Sunday, October 3, 2010

Do You Trust in the Flesh or in the Spirit?



I've been remiss in writing during the Feast of Tabernacles, partly due to lack of internet and partly due to lack of time. Now that I'm back, I should have a fair amount of both, and I'm full of ideas from the Feast, so hang on tight! For today, a subtle point about the following scripture in Jeremiah occurred to me.
Jeremiah 17:5
Cursed is the one who trusts in man, who depends on flesh for his strength and whose heart turns away from the LORD.
When I asked in the title, "Do you trust in the flesh or in the Spirit?" I can't imagine that many people would answer that they trust in the flesh - but the reality is that many people who call themselves Christians trust in the flesh rather than the Spirit!

My meaning here is deeper than you may suspect: notice that the above verse talks about depending on flesh, but it's not necessarily referring to your own flesh. The point that I'm driving at is that many people trust in Christ as a man - they look at pictures of Him and carve out figures of Him dying on the cross, as though He were flesh (see The Second Commandment - Is it Different from the First?). 

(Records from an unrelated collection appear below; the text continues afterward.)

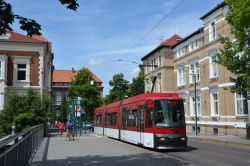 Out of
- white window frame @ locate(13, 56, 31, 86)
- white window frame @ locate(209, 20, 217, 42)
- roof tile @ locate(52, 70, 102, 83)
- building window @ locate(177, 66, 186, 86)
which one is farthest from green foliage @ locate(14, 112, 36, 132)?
roof tile @ locate(52, 70, 102, 83)

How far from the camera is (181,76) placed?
5144 centimetres

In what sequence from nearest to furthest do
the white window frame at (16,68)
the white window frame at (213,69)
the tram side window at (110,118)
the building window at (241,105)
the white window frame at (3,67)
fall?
1. the tram side window at (110,118)
2. the building window at (241,105)
3. the white window frame at (213,69)
4. the white window frame at (3,67)
5. the white window frame at (16,68)

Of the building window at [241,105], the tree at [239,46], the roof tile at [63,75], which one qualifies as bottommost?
the building window at [241,105]

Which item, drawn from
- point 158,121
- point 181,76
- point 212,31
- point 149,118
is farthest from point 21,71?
point 158,121

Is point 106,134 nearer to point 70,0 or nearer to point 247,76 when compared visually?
point 247,76

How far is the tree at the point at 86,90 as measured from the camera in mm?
70175

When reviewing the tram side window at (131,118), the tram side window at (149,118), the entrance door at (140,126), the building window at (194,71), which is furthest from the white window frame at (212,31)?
the tram side window at (149,118)

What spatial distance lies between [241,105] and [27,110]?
59.7 ft

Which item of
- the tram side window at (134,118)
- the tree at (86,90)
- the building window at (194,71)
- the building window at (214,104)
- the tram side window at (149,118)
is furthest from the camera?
the tree at (86,90)

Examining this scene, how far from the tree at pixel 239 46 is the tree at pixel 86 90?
45160 mm

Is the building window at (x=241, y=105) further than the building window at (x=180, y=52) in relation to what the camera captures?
No

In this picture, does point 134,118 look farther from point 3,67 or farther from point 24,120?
point 3,67

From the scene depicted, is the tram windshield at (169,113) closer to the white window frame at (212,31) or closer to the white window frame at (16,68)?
the white window frame at (212,31)

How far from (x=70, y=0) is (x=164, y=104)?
11.4 meters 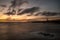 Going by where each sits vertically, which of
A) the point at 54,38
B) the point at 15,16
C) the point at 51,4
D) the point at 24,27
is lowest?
the point at 54,38

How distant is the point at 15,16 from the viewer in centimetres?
421

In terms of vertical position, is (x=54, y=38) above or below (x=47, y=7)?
below

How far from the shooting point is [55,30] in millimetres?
4133

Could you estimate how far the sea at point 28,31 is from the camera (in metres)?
4.12

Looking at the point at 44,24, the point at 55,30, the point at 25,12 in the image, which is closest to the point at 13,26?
the point at 25,12

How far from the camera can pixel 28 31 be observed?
13.7 feet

In truth, Christ died. Not just His physical body died. For 3 days and 3 nights, Christ, the Word who had come down from His glory to inhabit the flesh and limit Himself to the human condition, ceased to exist. At the end of the 3 days and 3 nights, He was brought back from the dead, but not to flesh and bone: He was restored to "the glory that [He] had with [God] since before the world was" (John 17:5), becoming the first of many who will be brought to glory in the Spirit. We do not put our faith and our trust in His flesh, but in His resurrection.

However, for the time being, we are the body of Christ, a second body of flesh:
Ephesians 5:29-30
For no one ever hated his own flesh, but nourishes it and cherished it, just as the Lord does the Church. For we are members of His body, of His own flesh and blood. 
We, the Church of God, are now the fleshly body of Christ. It is not like Christ's first body of flesh, which was composed of one perfect Member, but it is composed of many members who are being made perfect through trials and suffering. Not that God wishes for us to suffer for the sake of suffering, but that we should be made ready for the time that we, the second body, will be changed just as the first body of Christ was changed. Just as He died in the flesh and remained dead for 3 days and 3 nights, so also we as His body must each be putting to death our old selves, becoming a new creation in Christ.
Revelation 21:2-4
Then I, John, saw the holy city, New Jerusalem, coming down out of heaven from God, prepared as a bride adorned for her husband. And I heard a loud voice from heaven saying, “Behold, the tabernacle of God is with men, and He will dwell with them, and they shall be His people. God Himself will be with them and be their God. And God will wipe away every tear from their eyes; there shall be no more death, nor sorrow, nor crying. There shall be no more pain, for the former things have passed away.” Then He who sat on the throne said, “Behold, I make all things new.”
Trust in the Spirit of God, not the flesh, and you will be made new. While Christ's life in the flesh served an invaluable purpose in God's plan to reconcile mankind, our focus when we think of our Savior should not be on His flesh - for even when He was alive in the flesh, He was putting to death the desires of the flesh, just as we must also strive to do. And just as He was given power to accomplish this task through God's Holy Spirit, so also God gives us the Holy Spirit so that we can be a part of Christ's second body of flesh, in order that we may also take part in the resurrection by which Christ was resurrected. 

Notice the verse in Jeremiah once more:
Jeremiah 17:5
Cursed is the one who trusts in man, who depends on flesh for his strength and whose heart turns away from the LORD.
Our strength does not come from Christ's flesh, much less our own. If we depend on any flesh for our strength, then our heart turns away from God and we are cursed. We, the body of Christ, must rely on the Spirit which aslo led Christ during His life as a human. Therefore, the question remains: do you trust in the flesh or in the Spirit? Do you trust in the Church of God, which is a body of flesh and blood believers, or do you trust in its Head, Jesus Christ, who is Spirit? We must be careful to discern what aspects of the Church of God are physical and which are spiritual so that we will not be led astray.